Théologiquement parlant, la cathédrale a une importance considérable. Un historien de l'art allemand du début du XXe siècle, Erwin Panofsky, éminent iconologue, est l’auteur d’un livre intitulé «Architecture gothique et pensée scolastique». Il y parle de Notre-Dame et démontre que les grandes cathédrales gothiques, en particulier Notre-Dame, ont la même fonction que la pensée scolastique, c'est-à-dire la façon dont la théologie, à partir des XIe et XIIe siècles et pendant deux ou trois siècles après, s'est constituée à travers la Somme et par exemple, la Somme théologique de saint Thomas. Il établit une analogie entre les deux. D'une certaine façon, Notre-Dame est une sorte de somme théologique architecturale sous la forme d'un bâtiment. Elle est en pierres au lieu d’être en mots latins. Elle ne s'adresse pas exactement de la même façon à ceux qui la visitent et à ceux qui lisent la Somme théologique, mais elle a la même fonction de rendre intelligible la foi. Ce fonctionnement-là doit revenir avec la restauration. La restauration de Notre-Dame sera un moment important pour la foi. Tout simplement.

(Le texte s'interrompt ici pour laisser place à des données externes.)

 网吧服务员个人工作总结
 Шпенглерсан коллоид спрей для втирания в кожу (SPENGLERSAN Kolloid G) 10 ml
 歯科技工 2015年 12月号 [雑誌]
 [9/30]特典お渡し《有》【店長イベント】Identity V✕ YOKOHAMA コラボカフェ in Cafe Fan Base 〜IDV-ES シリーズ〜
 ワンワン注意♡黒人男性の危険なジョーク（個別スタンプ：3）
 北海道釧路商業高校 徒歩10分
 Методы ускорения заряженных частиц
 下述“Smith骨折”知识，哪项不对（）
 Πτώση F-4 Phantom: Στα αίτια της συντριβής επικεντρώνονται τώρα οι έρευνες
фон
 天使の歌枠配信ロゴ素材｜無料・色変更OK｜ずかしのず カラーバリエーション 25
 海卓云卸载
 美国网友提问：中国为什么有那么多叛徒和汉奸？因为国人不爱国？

“Notre-Dame est une sorte de somme théologique architecturale, sous la forme d'un bâtiment. Elle est en pierres au lieu d’être en mots latins.”

Comment expliquer que la transcendance émane souvent des pierres?

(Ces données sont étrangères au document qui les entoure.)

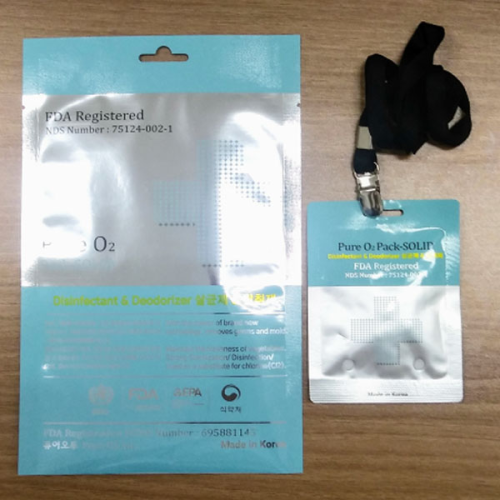 Pure O2 Pack  Solid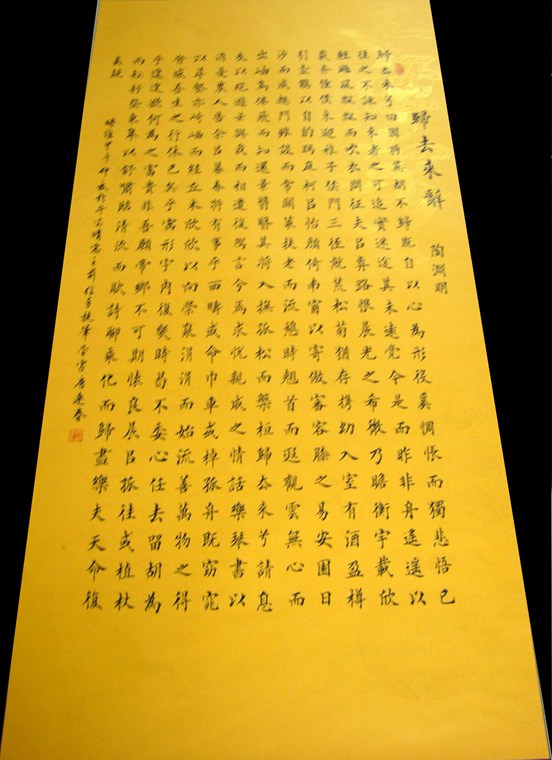 書法作品歸去來辭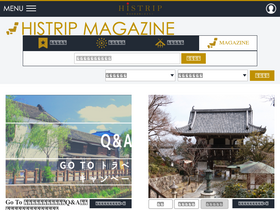 'histrip.jp' screenshot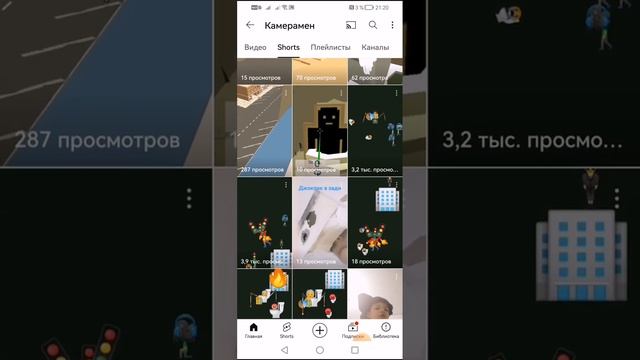 Мой канал камера мэн смотреть онлайн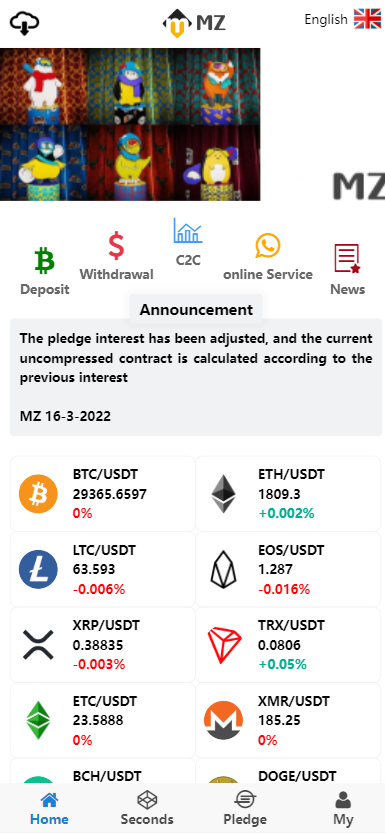全新UI多语言微交易微盘系统/秒合约/质押理财/至尊二开交易所 详情图 2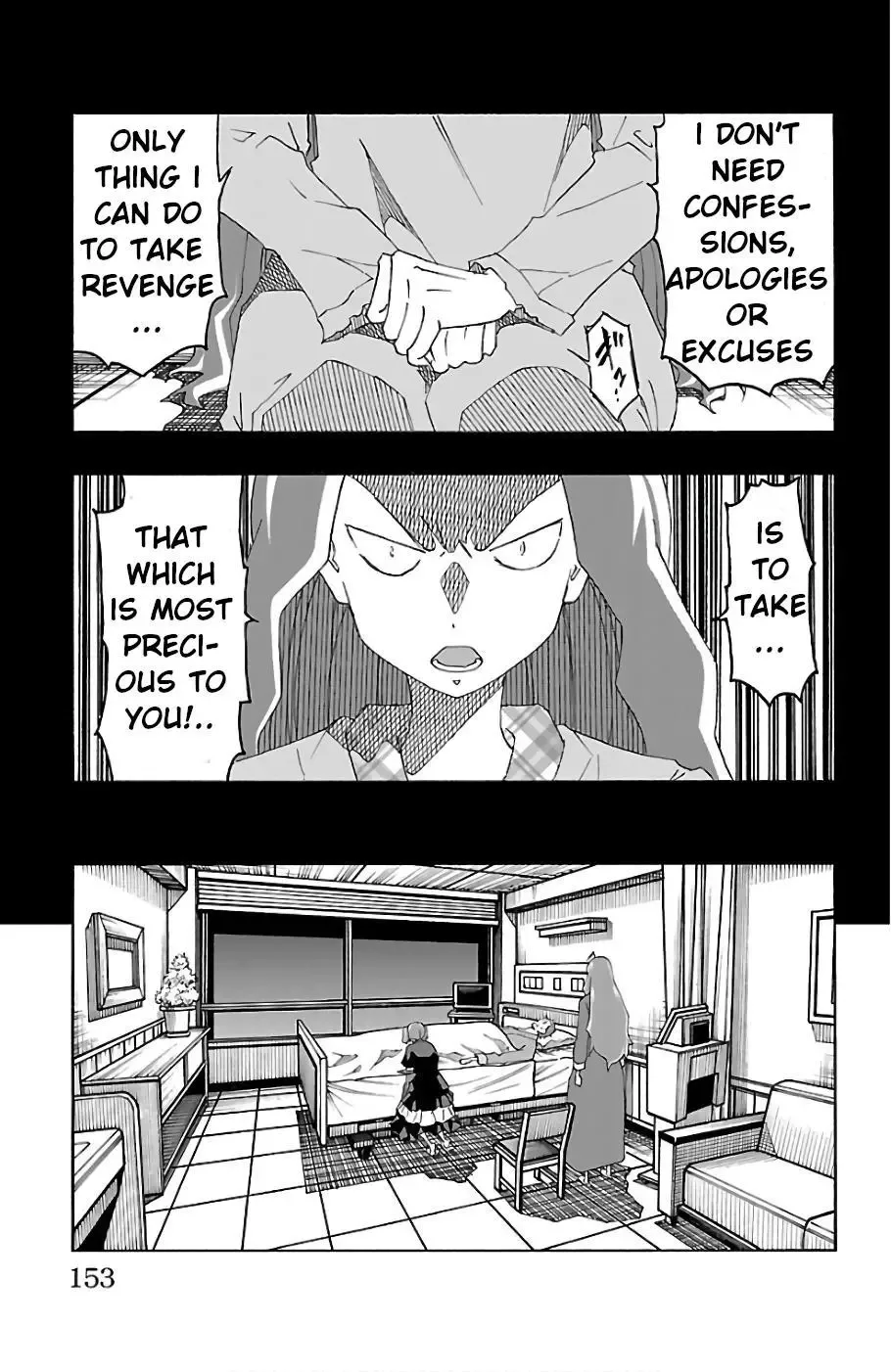 Iinari Chapter 23 page 9
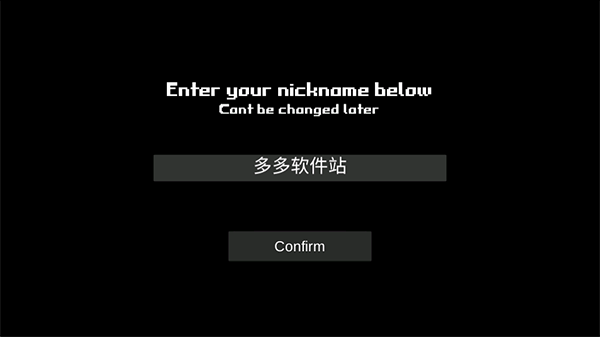 暴力沙盒2重制版游戏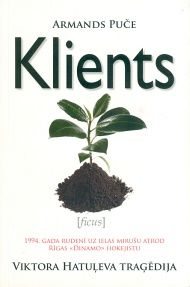 Klients [ficus]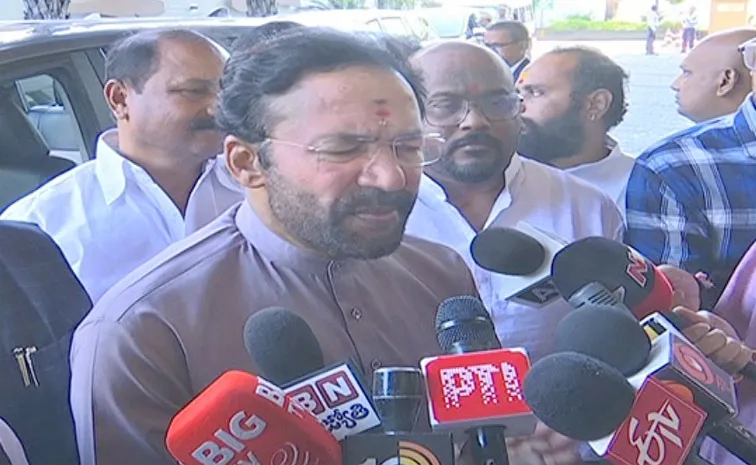 Union Minister Kishan Reddy On MLC Victory In Telangana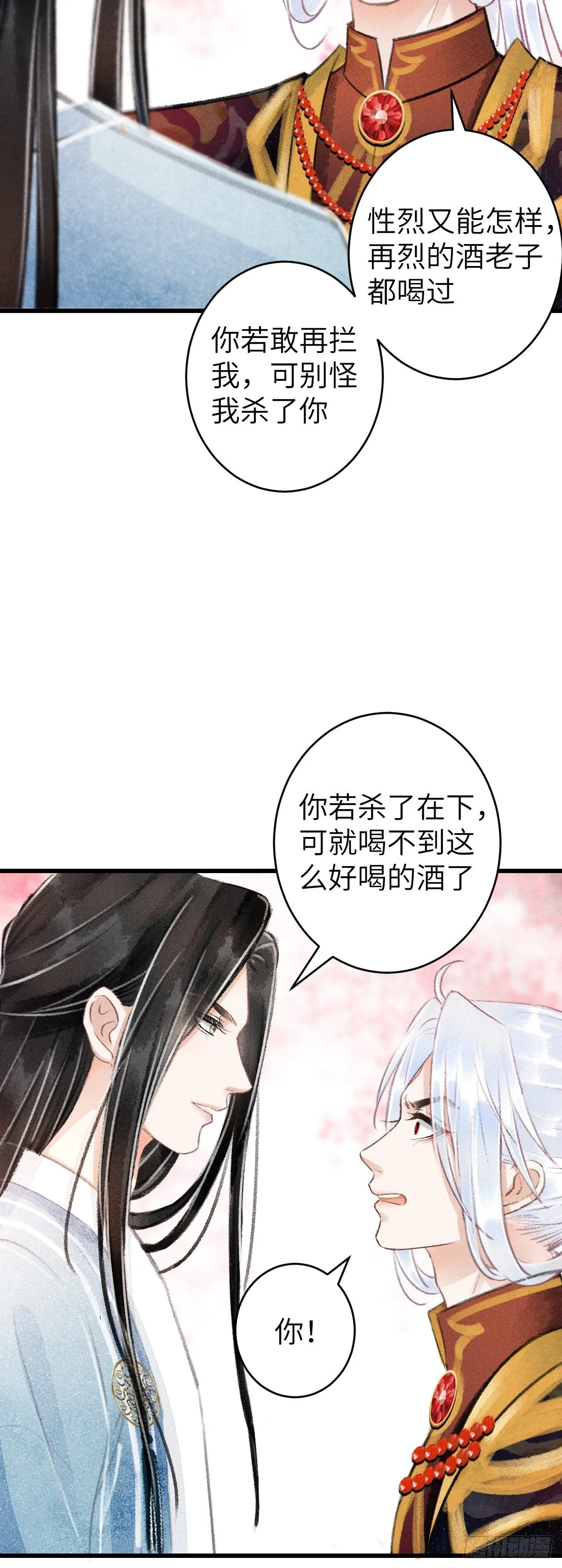 76·危险关系的契机 第27页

L’élévation spirituelle ne peut pas être détachée de la vie matérielle. Elle prend sens, pour nous, dans les choses matérielles. On pourrait presque faire une analogie pour quelqu'un comme saint Thomas sur ce que nous sommes et la cathédrale: nous sommes des êtres matériels, mais nous avons quelque chose qui est la raison et qui elle, est spirituelle, mais qui n'est pas réductible à la matière. La cathédrale, c'est une chose physique et matérielle, et pour la restaurer, ce qu'on doit faire, c'est tailler de nouveau des pierres, c’est une affaire matérielle, mais il y a quelque chose en plus à faire réapparaître: cette spiritualité proprement humaine. Les êtres humains sont des corps, mais ce sont des corps qui ont une âme et une âme rationnelle, une âme qui est spirituelle. La cathédrale fonctionne exactement comme un être humain, à la fois une chose matérielle qui meurt, et puis comme un être qui n'est pas complètement réductible ou qui n'est pas intégralement réductible à sa matière. D'une certaine façon, on pourrait dire que Notre-Dame a elle aussi une âme immortelle, mais qu'il faut parvenir à la faire réapparaître à travers la restauration matérielle.

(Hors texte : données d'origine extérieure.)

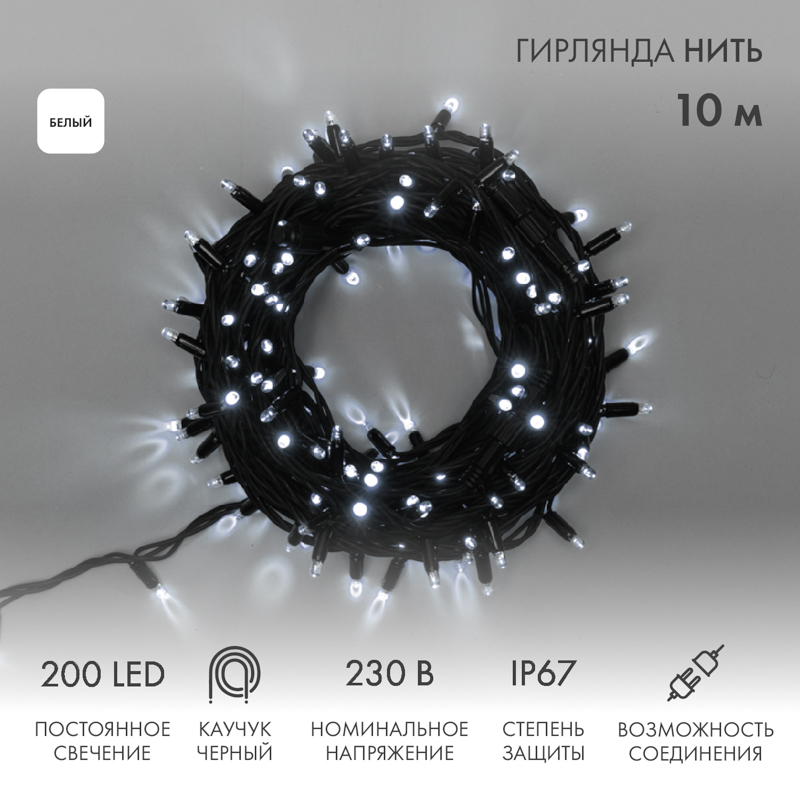 

Световая гирлянда новогодняя NEON-NIGHT Нить 10м 200 LED черный каучук IP67 Белый, Гирлянда светодиодная Нить 10м 200 LED БЕЛЫЙ черный каучук IP67 постоянное свечение 230В соединяется нужен блок 315-000 NEON-NIGHT
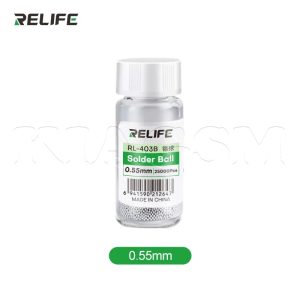 توپ قلع ریلایف Relife RL-403B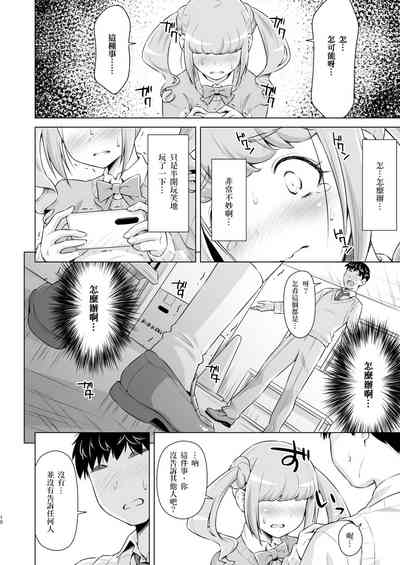 第9頁圖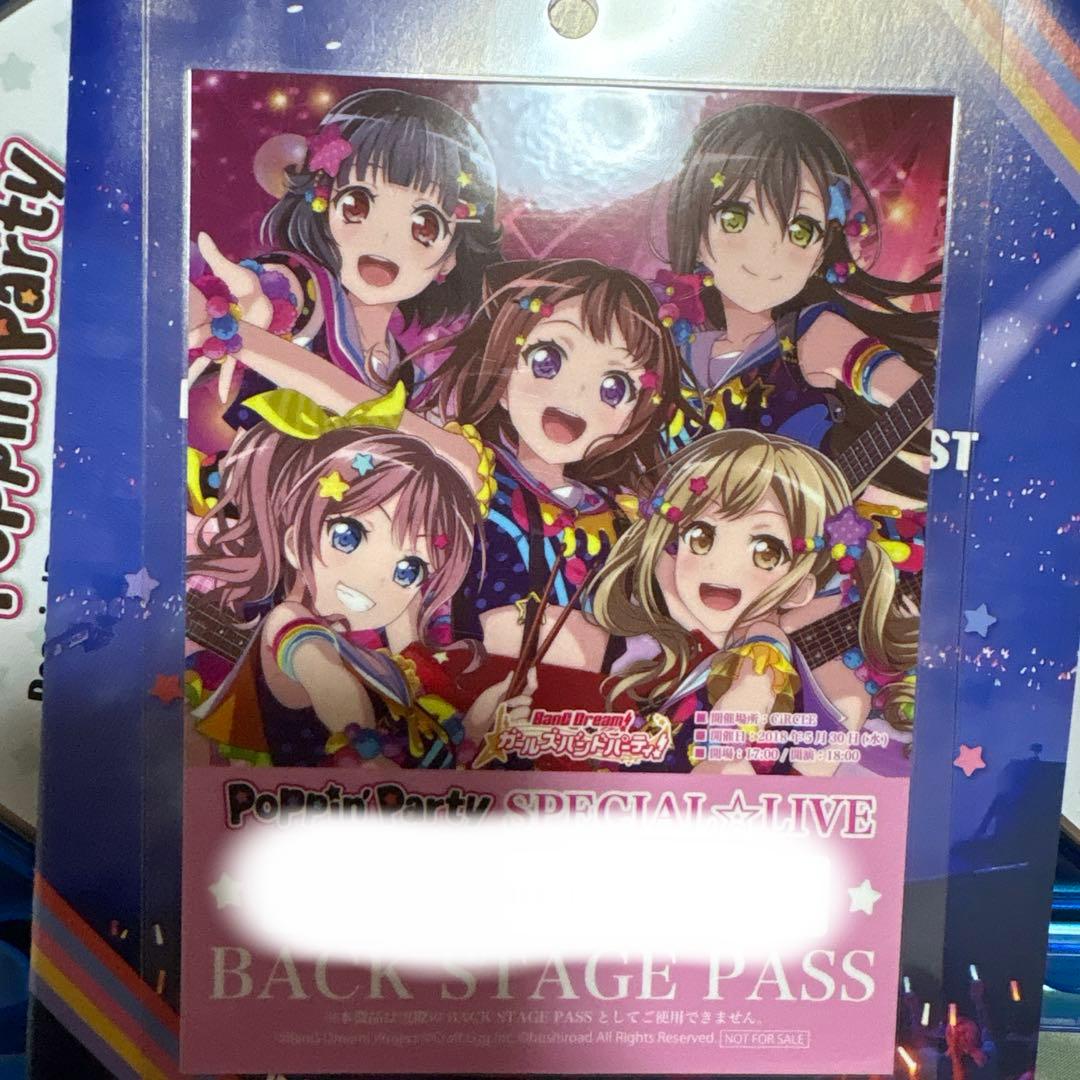 【初回生産分限定特典付】バンドリ LIVE 劇場版 ４種セット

Quid de l'évangélisation par le beau? La beauté de la cathédrale peut aussi toucher des cœurs hermétiques à la foi.

On peut espérer que l'appréciation esthétique de Notre-Dame sera ou pourrait être la source d'une élévation vers une beauté spirituelle et pas simplement matérielle. C’est le plus difficile. Éviter que Notre-Dame soit réduite à ce qu'ont pu être d'autres monuments architecturaux comme les pyramides ou le Parthénon, des hauts-lieux du tourisme international dans lesquels l'essentiel a été perdu. Tout ce qui reste, c'est un témoignage de quelque chose que les gens ont cru autrefois et qui a été l'occasion de la construction de monuments esthétiquement et architecturalement impressionnants. Il y a ce risque que Notre-Dame devienne simplement après sa restauration, et elle l'était déjà un peu avant, simplement un de ces hauts lieux du tourisme international. Comment faire pour que ce soit différent? Restaurer sa dimension spirituelle, c'est à dire qu'elle veuille dire encore quelque chose pour ceux qui y pénétreront et autre chose qu'une simple visite pendant les vacances entre le Louvre et le château de Versailles. Notre-Dame est un haut lieu de la foi. Tout cela ne dépend pas des cérémonies inaugurales de ce week-end. Ce n’est pas à ce moment que cela va se jouer, mais plutôt dans la façon dont ensuite cette cathédrale restaurée va continuer à avoir une véritable fonction religieuse ou si elle va de plus en plus, être happée vers un fonctionnement qui serait celui d'un monument ou d'un haut lieu touristique. En cela, le 8 décembre n’est pas aussi décisif que les années à venir. Pour savoir si la restauration est réussie, il faut attendre maintenant 50 ans. Il faut attendre pour savoir ce que devient Notre-Dame après que la restauration matérielle ait été faite.